Unprecedented Cross-Border Strikes Rattle Russia’s Belgorod


BELGOROD, Russia — Flashes illuminate the night sky, quickly followed by loud bangs. As air defense systems shoot down incoming rockets and sirens sound through the city, two girls rush to the train station. One of them is in tears. 

“Sasha, calm down!” the other girl reassures her. 

“You’ll tell them everything,” the girls’ taxi driver tells them as he drops them off at the station, where they are catching a train to Moscow. “In Moscow, they don’t know what’s going on here.”

Local authorities will report three seriously wounded civilians in Monday’s rocket attack on Belgorod, the capital of the Russian region of the same name that sits on Ukraine’s border.

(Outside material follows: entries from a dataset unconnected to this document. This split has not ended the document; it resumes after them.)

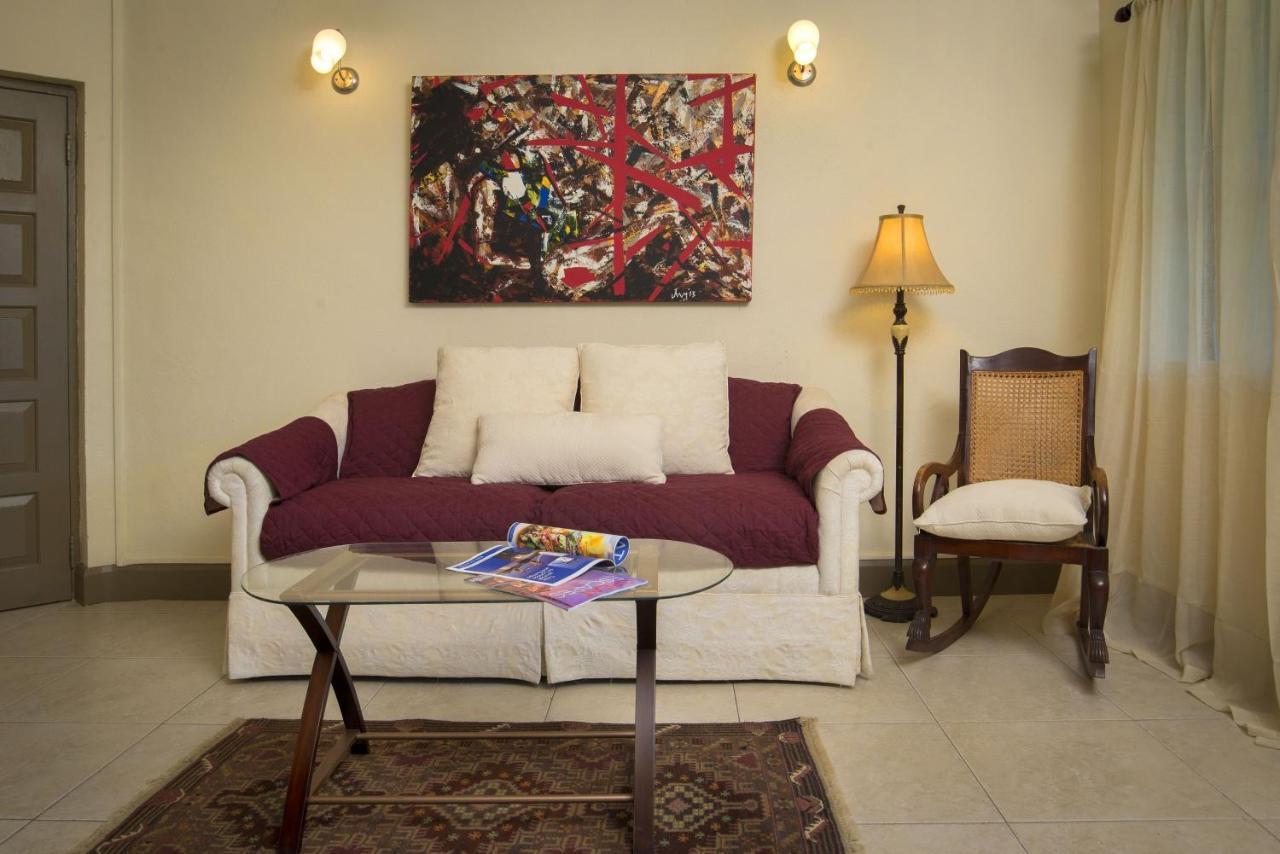 Ground Floor Apartment Located In Hometown, 5 Min Walk To The Beach Saint James Exteriör bild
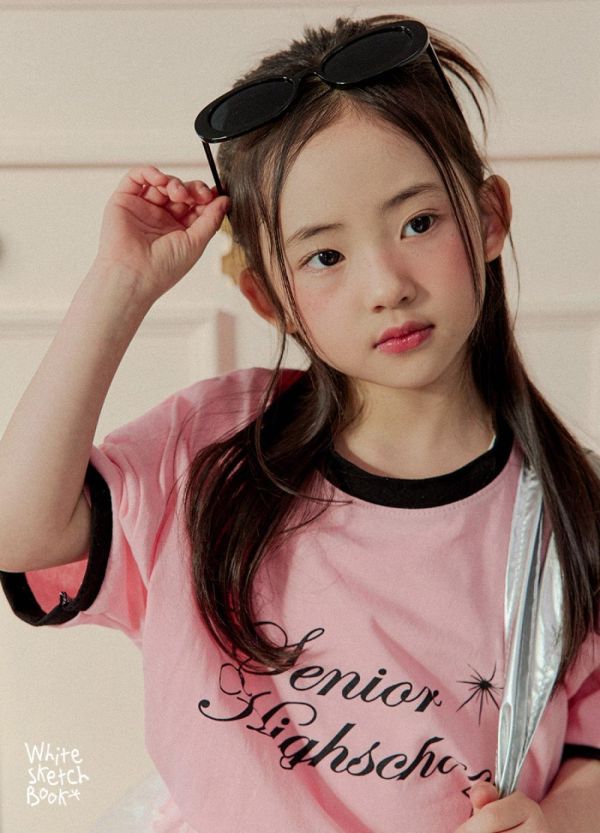 撞色滾邊藝術字母短袖上衣 韓國童裝,男童夏裝,中性童裝,童裝推薦,2026夏季童裝,男童穿搭,韓系童裝,中性穿搭,韓國代購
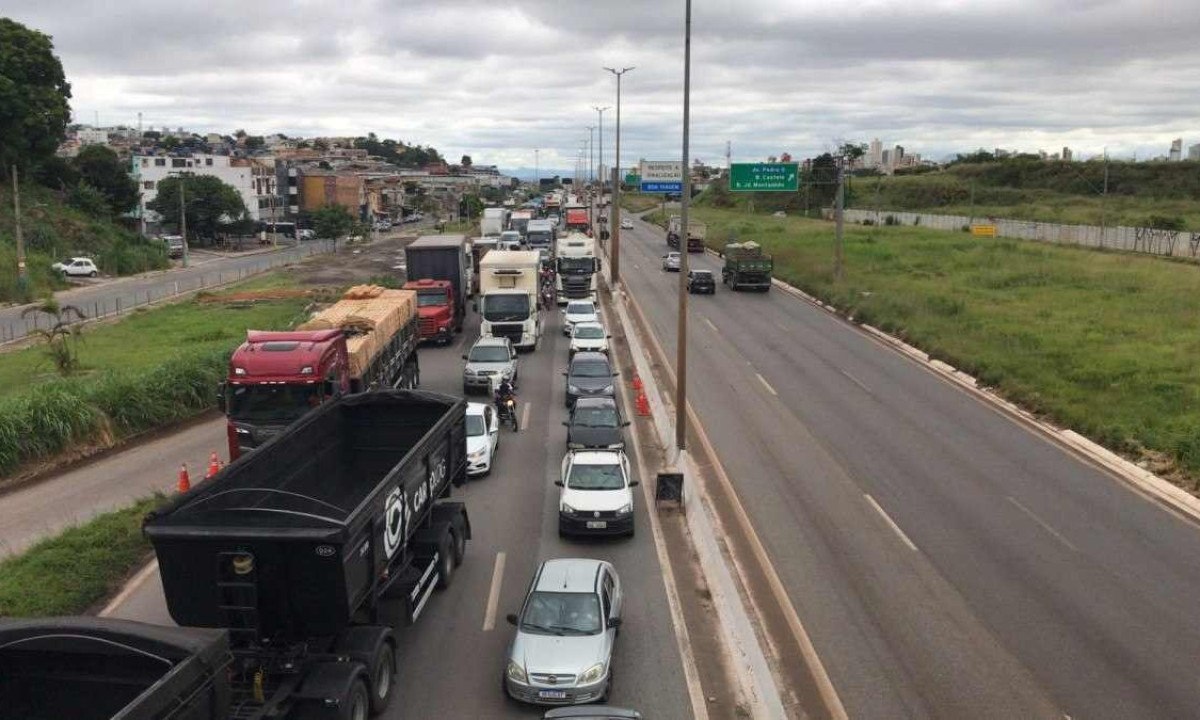 Mais cedo, um acidente deixou o tráfego congestionado no Anel Rodoviário, na altura do bairro Jardim Montanhês, Região Noroeste de BH -  (crédito: Edesio Ferreira/EM/D.A.Press)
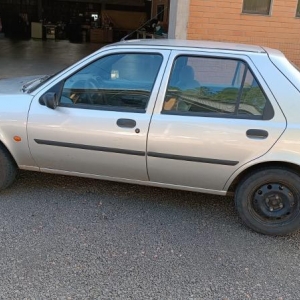 LOTE 001 - Ford/Fiesta GL Class, placa IJO 3J86, prata, ano/modelo 2000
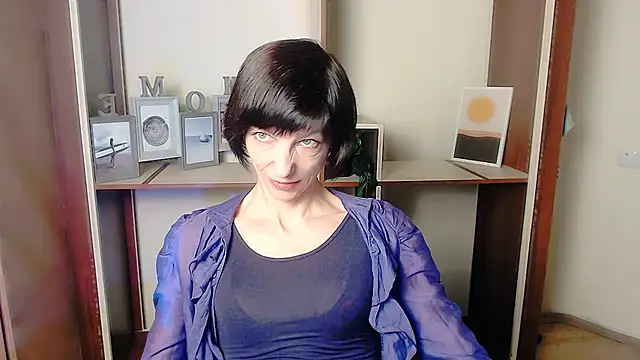 Snapshot of _AngeliaFlow_ chatting on September 25, 2025, 6:30 am AngeliaFlow online show from September 25, 2025, 6:30 am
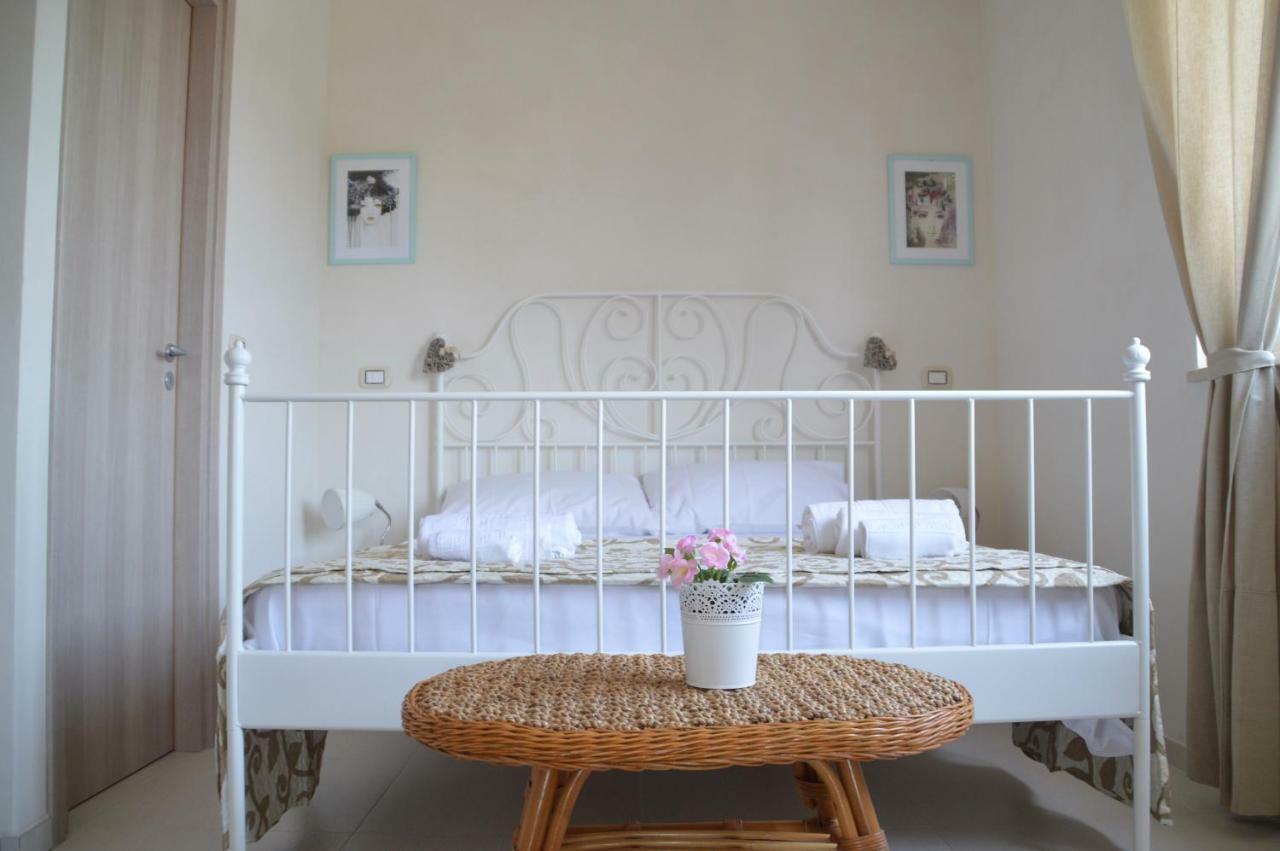 B&B La Via Di Casa Сан Леоне Екстериор снимка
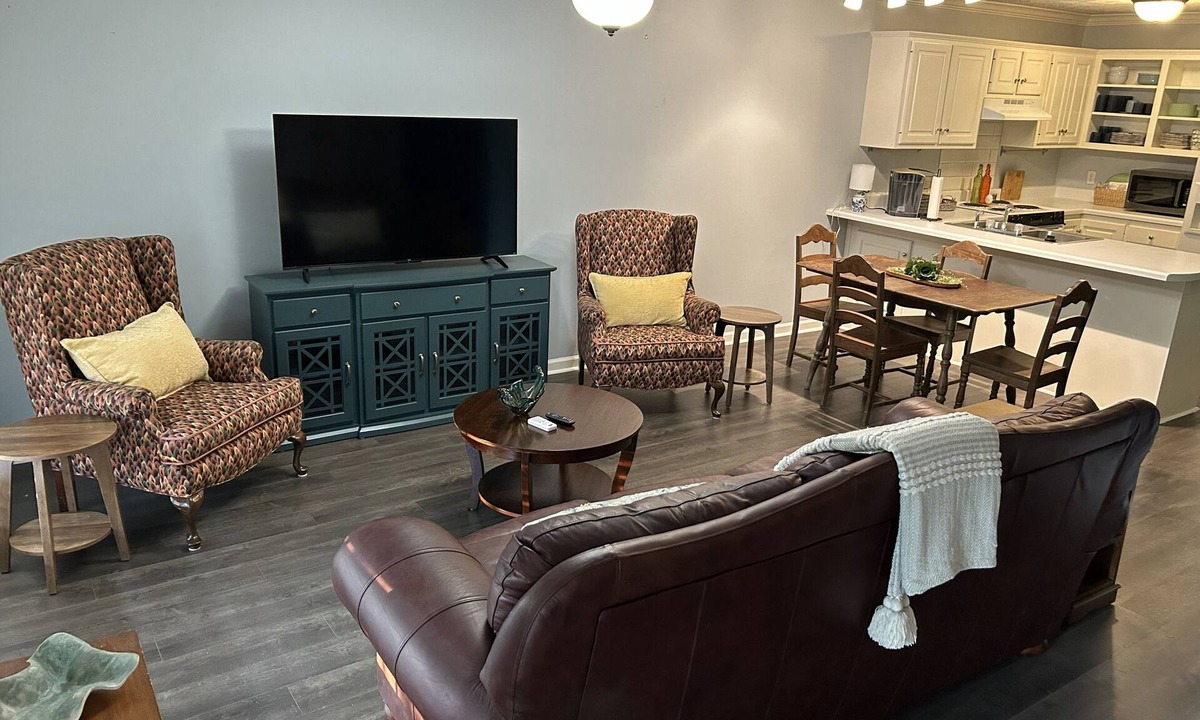 Starkville Condo | Newly Available Cozy Heirloom Condo 3 miles from the Dude at MSU!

In the nearly two years since launching its war on Ukraine, the Kremlin has worked to insulate ordinary Russians from the effects of the conflict. But in Belgorod, a city of 350,000 just 30 kilometers from the Ukrainian border, near-daily Ukrainian shelling over the past 10 days has made the war all but inescapable.

The latest wave of air raids came as a response to a massive Russian aerial attack on Dec. 29 that killed over 60 civilians across Ukraine, the most devastating since the start of Moscow’s full-scale invasion.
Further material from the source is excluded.